**Your instructions**
Return, with both end lines included, exactly what the data below holds from the line with "In the case" through the line with "So first we", though not the pictures.

**Data for analysis**

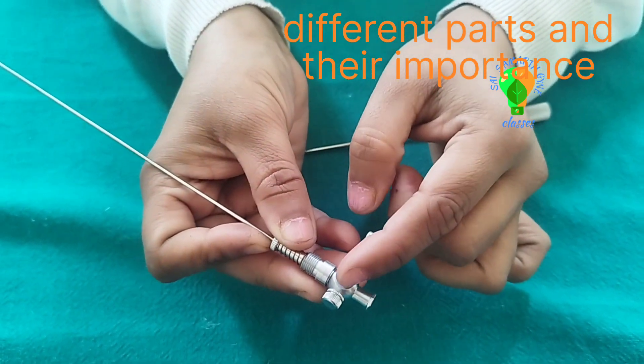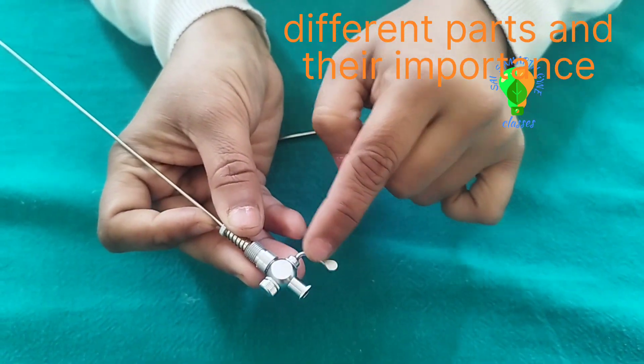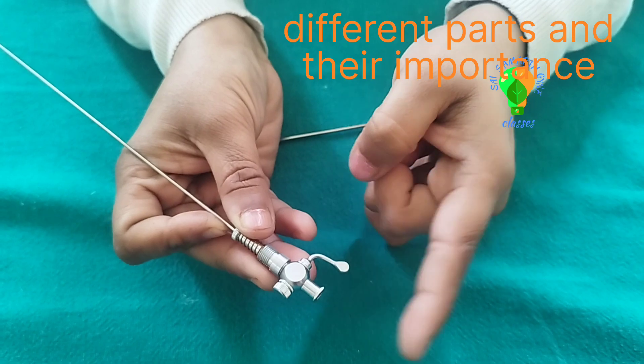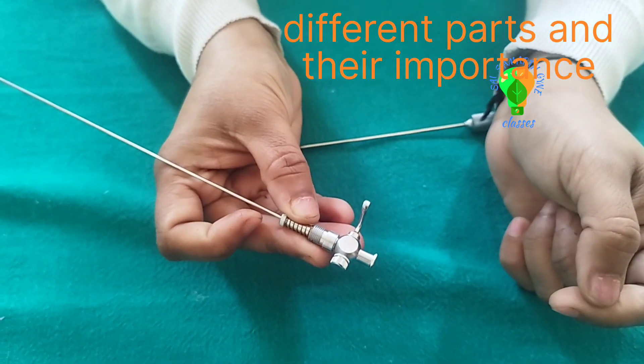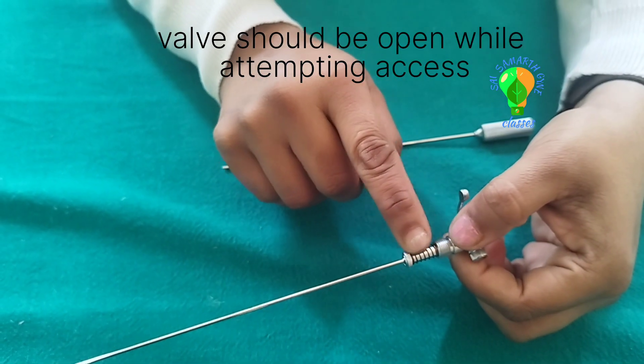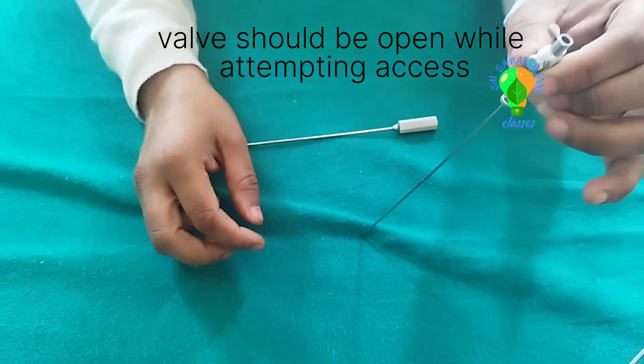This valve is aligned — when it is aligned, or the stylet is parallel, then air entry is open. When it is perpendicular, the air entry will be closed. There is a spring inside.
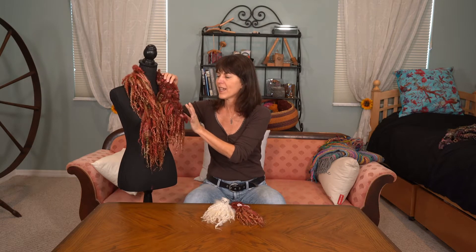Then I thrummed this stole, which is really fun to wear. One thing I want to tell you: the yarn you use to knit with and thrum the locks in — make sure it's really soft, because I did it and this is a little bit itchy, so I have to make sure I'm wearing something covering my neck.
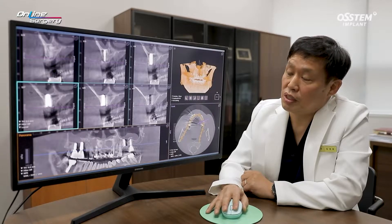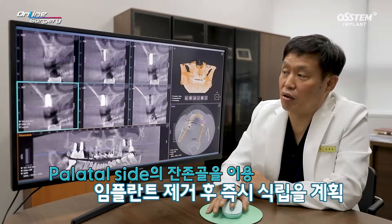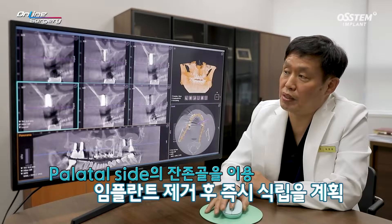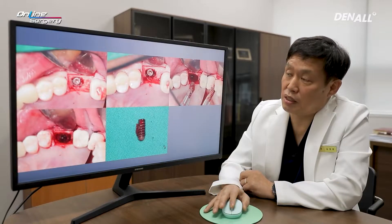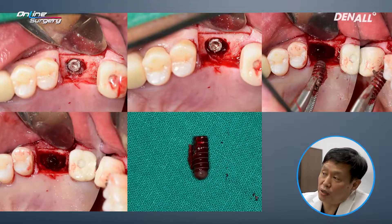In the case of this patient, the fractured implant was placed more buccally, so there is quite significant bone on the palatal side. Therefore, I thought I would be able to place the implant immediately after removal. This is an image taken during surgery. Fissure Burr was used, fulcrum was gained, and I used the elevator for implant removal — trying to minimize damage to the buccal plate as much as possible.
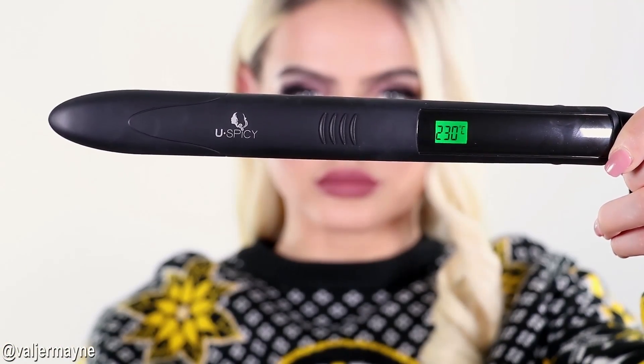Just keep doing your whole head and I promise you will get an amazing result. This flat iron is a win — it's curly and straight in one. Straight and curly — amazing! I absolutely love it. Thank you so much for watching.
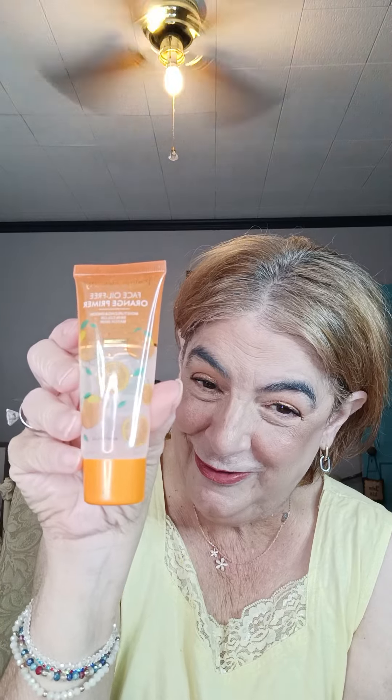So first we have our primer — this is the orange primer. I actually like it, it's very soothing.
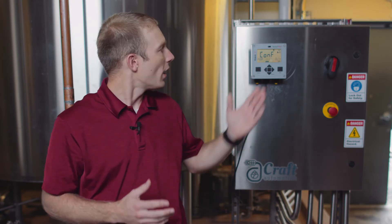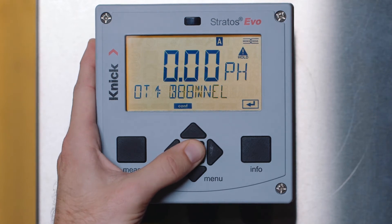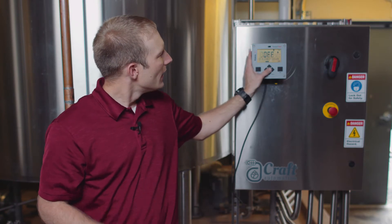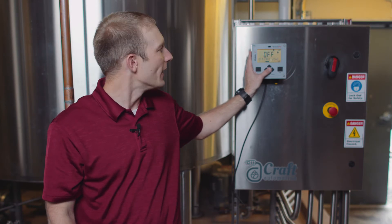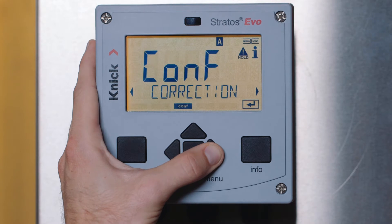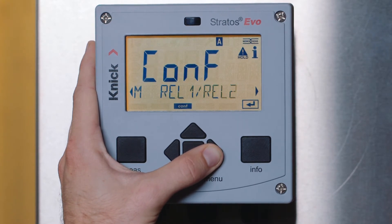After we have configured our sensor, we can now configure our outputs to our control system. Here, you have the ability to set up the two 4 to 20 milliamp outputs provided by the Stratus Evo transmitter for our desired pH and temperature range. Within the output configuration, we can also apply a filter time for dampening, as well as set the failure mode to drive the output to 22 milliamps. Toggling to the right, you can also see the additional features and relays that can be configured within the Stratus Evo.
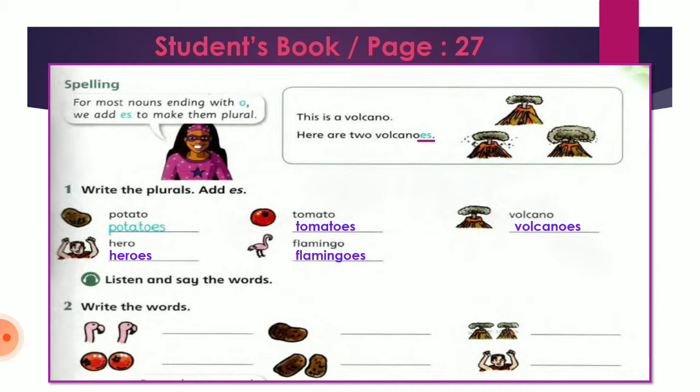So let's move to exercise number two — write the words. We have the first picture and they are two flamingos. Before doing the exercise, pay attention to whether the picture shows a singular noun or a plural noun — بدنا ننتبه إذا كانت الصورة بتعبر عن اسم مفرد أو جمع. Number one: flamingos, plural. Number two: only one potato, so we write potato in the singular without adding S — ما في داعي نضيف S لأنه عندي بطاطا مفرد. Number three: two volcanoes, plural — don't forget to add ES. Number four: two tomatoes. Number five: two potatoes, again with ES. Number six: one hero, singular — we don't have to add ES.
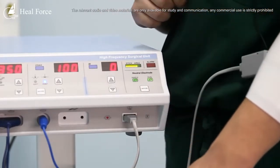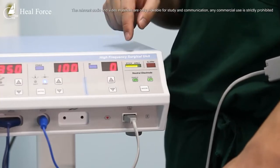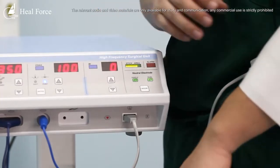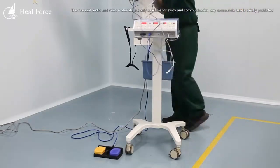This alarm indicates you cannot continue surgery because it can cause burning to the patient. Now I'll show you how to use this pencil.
---
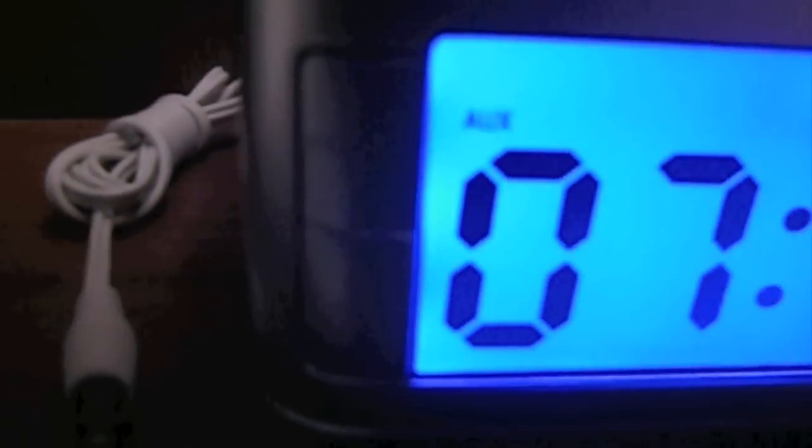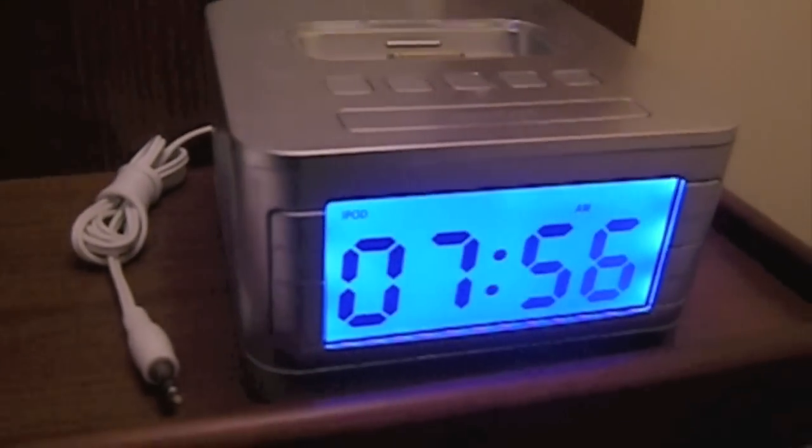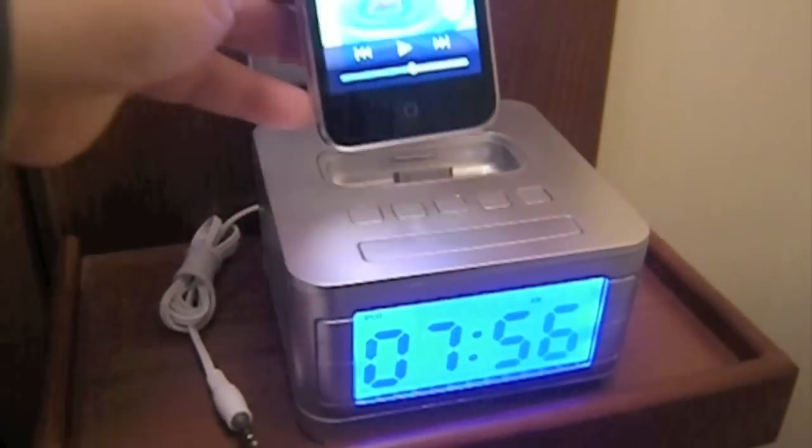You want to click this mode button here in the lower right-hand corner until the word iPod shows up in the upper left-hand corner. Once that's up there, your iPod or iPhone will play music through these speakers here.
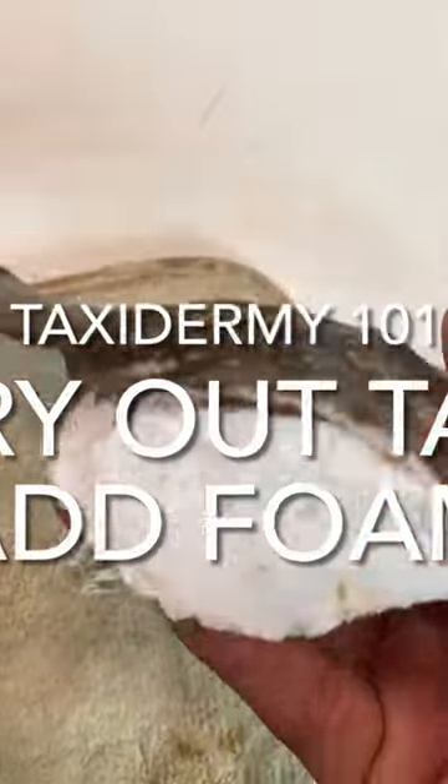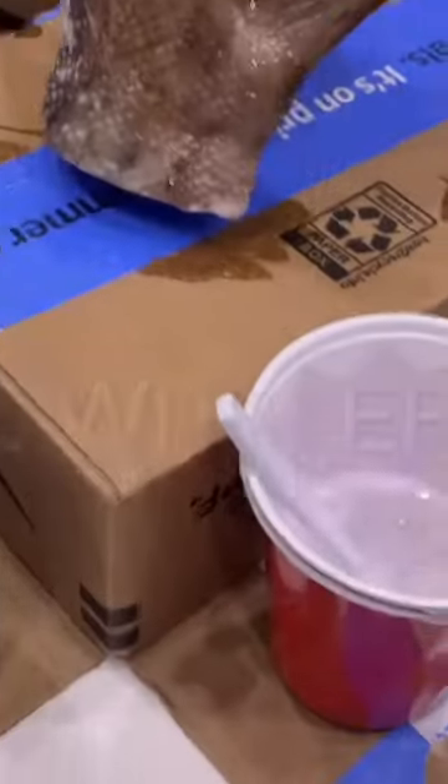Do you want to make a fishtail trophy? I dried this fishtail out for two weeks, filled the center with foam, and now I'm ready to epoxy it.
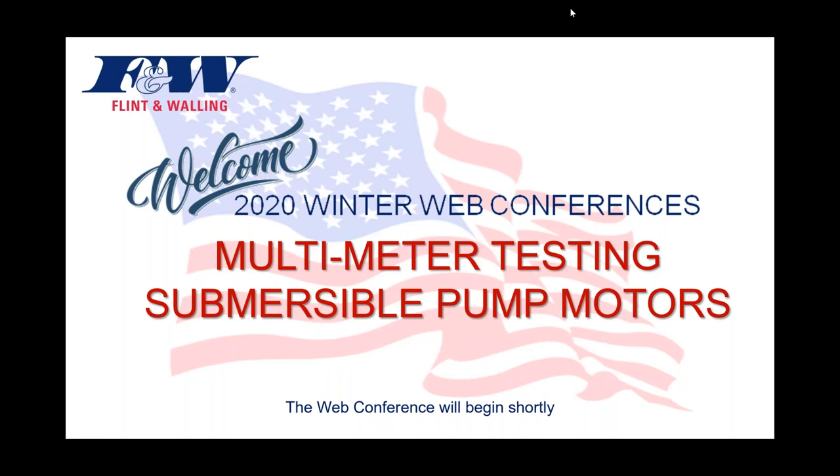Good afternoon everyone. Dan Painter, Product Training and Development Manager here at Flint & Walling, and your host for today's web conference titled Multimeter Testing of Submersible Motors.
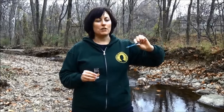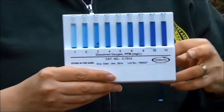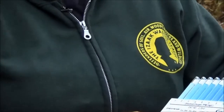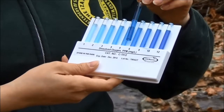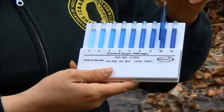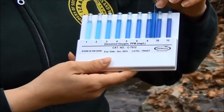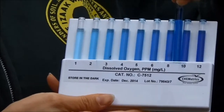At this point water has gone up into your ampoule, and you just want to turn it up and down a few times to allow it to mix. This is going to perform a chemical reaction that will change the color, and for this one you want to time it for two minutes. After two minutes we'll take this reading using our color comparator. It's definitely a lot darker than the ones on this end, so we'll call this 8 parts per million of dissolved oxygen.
--
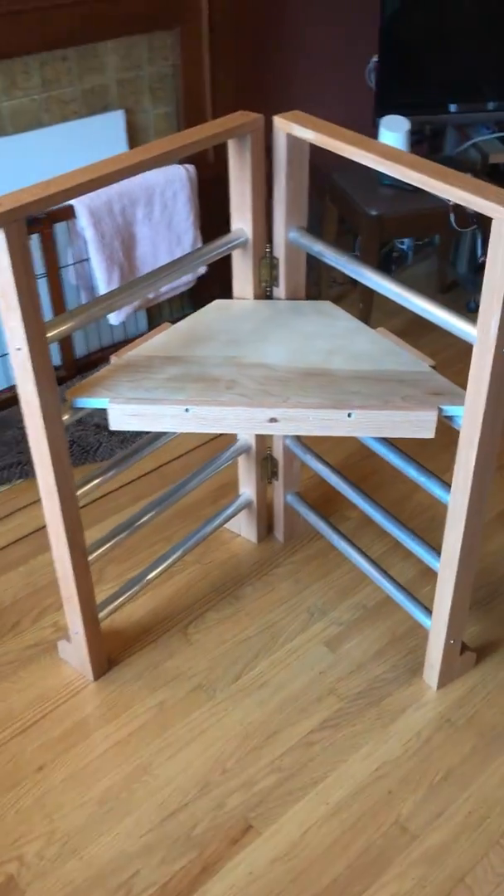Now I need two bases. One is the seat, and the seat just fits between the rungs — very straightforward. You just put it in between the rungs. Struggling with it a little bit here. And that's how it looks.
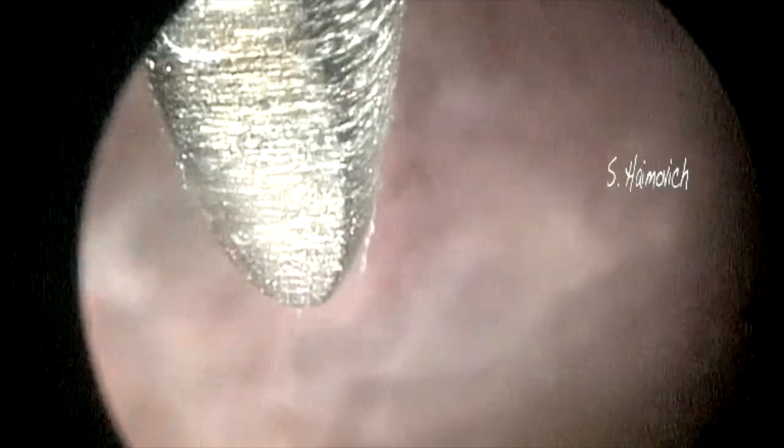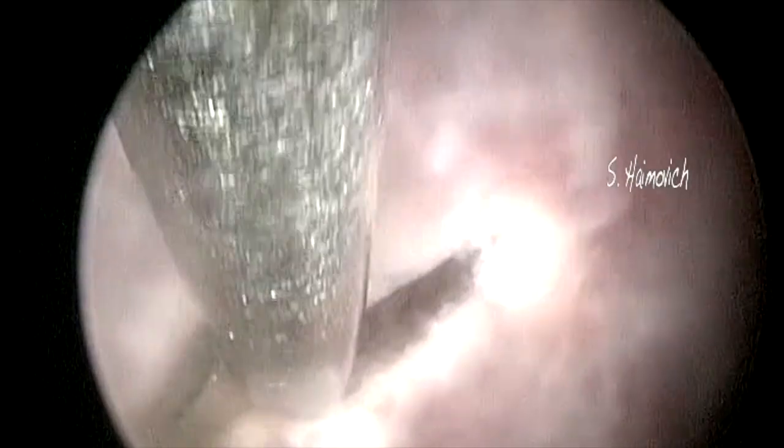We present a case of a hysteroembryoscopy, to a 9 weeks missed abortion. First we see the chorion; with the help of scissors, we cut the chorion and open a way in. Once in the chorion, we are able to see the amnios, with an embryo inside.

**Answer space**
In the case of this patient, the fractured implant was placed more buccally, so there is quite significant bone on the palatal side. Therefore, I thought I would be able to place the implant immediately after removal. This is an image taken during surgery. Fissure Burr was used, fulcrum was gained, and I used the elevator for implant removal — trying to minimize damage to the buccal plate as much as possible.
Just keep doing your whole head and I promise you will get an amazing result. This flat iron is a win — it's curly and straight in one. Straight and curly — amazing! I absolutely love it. Thank you so much for watching.
So first we have our primer — this is the orange primer. I actually like it, it's very soothing.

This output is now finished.